Friday, February 29, 2008

Budget for the aam-aadmi, will spur 9% GDP growth

ABudget for the aam-aadmi. An excellent Budget which will go a long way in sustained 9% plus GDP growth. There is a strong emphasis on infrastructure, rural, agriculture, education, health, defence and manufacturing sector.

This will fuel consumerism. Corporate sector stands to gain from this budget, since the overall direction for the economy is growth-oriented and positive.

A conducive tax policy for building people, strengthening rural economy and enhancing competitiveness are the key focus areas, which got priority in this Budget.

A change in I-T slab and exemption for all IT assesses from Rs 1.10 lakh to Rs 1.50 lakh is a welcome step. I was anticipating some exemptions in fringe benefit tax. Guest houses exempted from FBT is a step towards this.

A five-year tax holiday for setting up of hospitals in tier II and tier III regions is essential for the spread of hospitals across the country. There is great relief to farmers on account of waiver of agricultural loans. I was expecting changes in corporate income tax. However, reductions in General Centvat and excise duty will boost economy further. A step towards Sarva Shiksha Abhiyan, midday meal scheme and secondary education scheme are indicative of thrust areas on the government agenda.

The Budget envisages massive outlays in agriculture and allied sectors, education, healthcare and infrastructure.

The FM has expectedly addressed the burning issue of indebtedness of the Indian farmer.

And predictably, with the general elections looming, he has gone beyond the recommendations of the Dr Radhakrishnan Committee by providing debt waiver to small and marginal farmers.

The downside of this complete waiver to the tune of Rs.60,000 crore is that it isn't a 'complete' solution to the problem.

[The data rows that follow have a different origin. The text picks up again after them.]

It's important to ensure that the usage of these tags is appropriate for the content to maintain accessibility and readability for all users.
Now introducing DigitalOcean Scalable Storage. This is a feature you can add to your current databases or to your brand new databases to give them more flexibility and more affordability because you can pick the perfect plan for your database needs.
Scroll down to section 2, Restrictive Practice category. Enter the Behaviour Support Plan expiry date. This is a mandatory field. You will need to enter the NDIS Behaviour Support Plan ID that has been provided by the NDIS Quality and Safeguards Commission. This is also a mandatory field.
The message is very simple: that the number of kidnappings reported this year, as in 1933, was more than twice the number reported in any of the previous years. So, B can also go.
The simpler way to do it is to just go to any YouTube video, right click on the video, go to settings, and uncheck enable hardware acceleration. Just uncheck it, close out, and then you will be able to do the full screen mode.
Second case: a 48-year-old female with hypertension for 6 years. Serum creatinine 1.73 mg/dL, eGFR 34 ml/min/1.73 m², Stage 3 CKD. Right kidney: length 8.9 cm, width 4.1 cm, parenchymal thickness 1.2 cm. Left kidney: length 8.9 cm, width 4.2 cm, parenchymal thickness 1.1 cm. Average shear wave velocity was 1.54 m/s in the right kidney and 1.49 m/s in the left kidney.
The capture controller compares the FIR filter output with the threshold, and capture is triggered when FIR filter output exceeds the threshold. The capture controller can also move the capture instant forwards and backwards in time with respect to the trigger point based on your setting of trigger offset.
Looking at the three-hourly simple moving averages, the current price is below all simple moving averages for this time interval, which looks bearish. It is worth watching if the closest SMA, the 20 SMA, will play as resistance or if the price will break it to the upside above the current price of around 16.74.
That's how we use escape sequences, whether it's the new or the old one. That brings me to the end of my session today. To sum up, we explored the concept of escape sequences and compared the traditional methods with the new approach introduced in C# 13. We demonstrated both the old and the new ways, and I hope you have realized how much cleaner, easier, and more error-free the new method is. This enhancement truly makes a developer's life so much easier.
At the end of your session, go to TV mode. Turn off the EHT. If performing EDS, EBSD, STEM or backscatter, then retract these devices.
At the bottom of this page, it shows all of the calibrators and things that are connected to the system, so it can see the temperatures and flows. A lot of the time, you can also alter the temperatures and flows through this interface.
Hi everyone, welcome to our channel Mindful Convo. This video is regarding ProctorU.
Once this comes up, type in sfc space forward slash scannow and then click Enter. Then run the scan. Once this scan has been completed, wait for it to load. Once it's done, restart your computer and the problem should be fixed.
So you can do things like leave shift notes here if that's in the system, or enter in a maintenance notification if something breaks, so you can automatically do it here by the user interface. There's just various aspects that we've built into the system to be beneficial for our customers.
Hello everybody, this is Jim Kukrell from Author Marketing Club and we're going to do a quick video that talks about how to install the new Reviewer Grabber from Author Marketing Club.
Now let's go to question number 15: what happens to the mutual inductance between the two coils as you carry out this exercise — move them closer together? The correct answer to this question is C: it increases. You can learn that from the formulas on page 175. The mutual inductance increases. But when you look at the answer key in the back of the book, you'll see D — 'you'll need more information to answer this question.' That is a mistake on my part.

For one, it doesn't address the indebtedness of the majority of farmers as more than half of them do not have access to bank credit. Also, it may discourage fresh lending to the farm sector. Building India means building people.

So, skills, re-training the youth and the workforce have to be the top priority of any government. With India poised to reap the demographic dividend, the FM's proposal to launch knowledge and technology development programmes on a mission mode to cover the whole country is a promising start. This will facilitate the transformation of the Indian economy that's based largely on labour arbitrage to one based on skills and knowledge.

However, given that nearly 1.20 lakh students leave for studies overseas every year, India loses about Rs.50,000 crore p.a. of forex on higher education.

I believe the FM should have gone in for deregulation of higher and technical education.

On the taxes front, the FM's proposals have been fairly forward-looking. Though there has been no change in peak rates in customs duty, the reduction in duties on project imports and convergence products by 2.5% and 5% respectively are all positives from an industry perspective. Likewise, the halving of excise duty on pharmaceutical products to 8%.